OK if you want to use $7500 after taxes and you would only have about $110k to not pay taxes on. I don’t know how an effective tax rate could be much lower, but I’m no mathematician and I haven’t worked it out. That’s where the money advisors and CPAs come in. And, If one is banking on taxes going down anytime soon, that’s a risky chance to take. We already know that they are going up in '25, and the current administration is signalling that they need more. When you are running a deficit and a total debt of >$32 Trillion dollars, something has to give. And, to those that think the Billionaires should pay it, I say why, and even if they all dissolved their wealth, they could barely pay one years interest on the total debt. I hope you are right!

You act like $10,000 that you’d pay taxes on is comparable to $10,000 thirty years from now. It’s not, and not even close.

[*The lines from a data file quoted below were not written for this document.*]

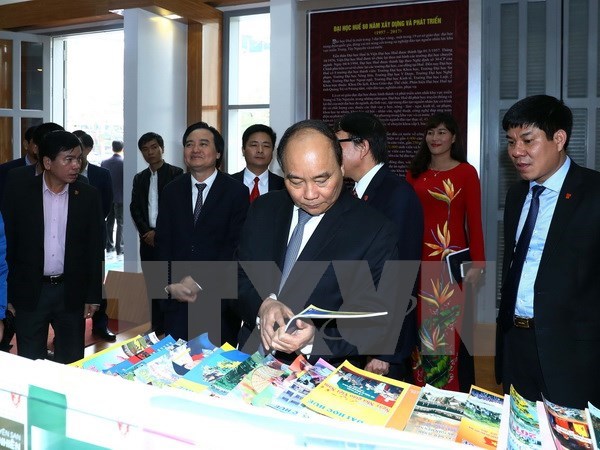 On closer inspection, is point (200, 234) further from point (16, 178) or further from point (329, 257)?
point (329, 257)

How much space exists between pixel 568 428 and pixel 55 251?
302 cm

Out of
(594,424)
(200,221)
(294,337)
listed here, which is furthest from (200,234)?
(594,424)

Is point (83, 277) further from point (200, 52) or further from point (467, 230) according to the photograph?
point (200, 52)

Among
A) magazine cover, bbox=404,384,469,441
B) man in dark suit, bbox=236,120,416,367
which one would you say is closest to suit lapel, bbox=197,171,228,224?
man in dark suit, bbox=236,120,416,367

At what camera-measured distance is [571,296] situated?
2.12m

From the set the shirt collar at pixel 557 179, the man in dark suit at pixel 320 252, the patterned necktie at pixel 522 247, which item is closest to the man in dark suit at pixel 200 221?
the man in dark suit at pixel 320 252

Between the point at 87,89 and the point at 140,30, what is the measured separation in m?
2.73

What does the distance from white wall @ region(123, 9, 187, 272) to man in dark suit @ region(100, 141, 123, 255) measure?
2.93m

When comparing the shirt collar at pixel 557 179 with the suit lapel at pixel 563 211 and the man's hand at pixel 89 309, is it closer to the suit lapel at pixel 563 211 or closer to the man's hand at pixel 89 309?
the suit lapel at pixel 563 211

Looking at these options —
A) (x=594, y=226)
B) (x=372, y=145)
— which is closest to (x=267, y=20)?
(x=372, y=145)

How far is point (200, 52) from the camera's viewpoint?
554 cm

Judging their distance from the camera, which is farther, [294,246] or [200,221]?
[200,221]

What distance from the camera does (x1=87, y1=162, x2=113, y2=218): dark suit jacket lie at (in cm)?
552

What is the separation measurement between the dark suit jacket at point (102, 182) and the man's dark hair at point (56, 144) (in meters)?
2.12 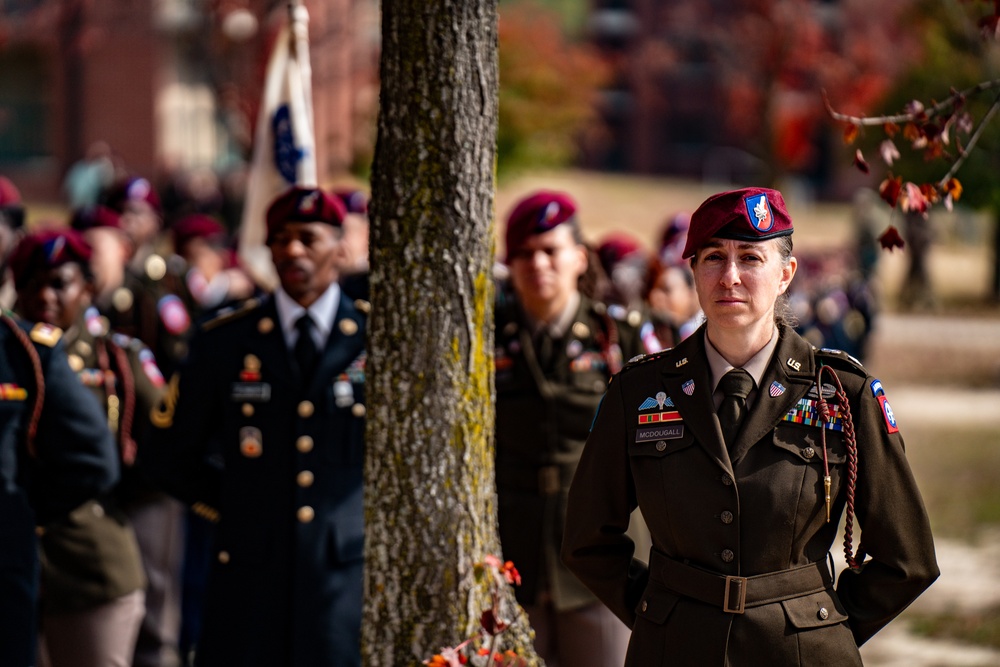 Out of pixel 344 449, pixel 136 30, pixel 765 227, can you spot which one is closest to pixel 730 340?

There are only three ways I know of to make Roth come out ahead every time: 1) ignore the taxes paid up front before the contribution is made, 2) ignore the time value of money and inflation changes in tax brackets, while assuming the investments grow, 3) assume large tax rate increases. Without these 3 things (two mistakes and one assumption), the answer will be “it depends.” Luckily, it doesn’t make that much difference for most people, so doing it the “wrong” way isn’t likely to be catastrophic.

Edit to add: I’m not banking on tax rates going down. Even if they stay the same, most people will be in a lower tax bracket when they retire because you don’t need as much income if you’re not paying Social Security and Medicare taxes or contributing to retirement accounts. Also, most people suck at saving for retirement, so will probably have to cut back anyway.

I don’t really understand the problem. If you need the money to live, RMDs aren’t an issue because you’ll withdraw that money (and report it as taxable income) anyway. Then you’re back to the tax rate question already discussed. If you don’t need the money to live, you can just invest the RMD amounts in a taxable account. If you don’t ever sell, your heirs will get the stepped-up value, making all the growth until you die tax-free. In that case, you’ll still be paying income tax (potentially, at least) each year based on the RMDs. Your heirs won’t get ten extra years of tax-free growth.

But if you’re down to the difference between having enough money to pay for long-term care or not, you’re likely to be in the former category, and very likely to be paying 0% income tax, either because your income is too low, or because your medical expense deduction is so high.

Which is great, but converting to Roth during peak earning years (which is what this thread is about) is generally going to cost more in taxes than doing it over time in lower tax brackets after retirement (or not doing it all, if RMDs aren’t going to be an issue). RMDs can also be saved in taxable accounts until needed for those who don’t ever convert. You’d still have the freedom to what you want with your money. The government just wants its share. You can pay it early if you want (i.e., convert to Roth). Or you can delay it for a while. But maybe not as long as you might like.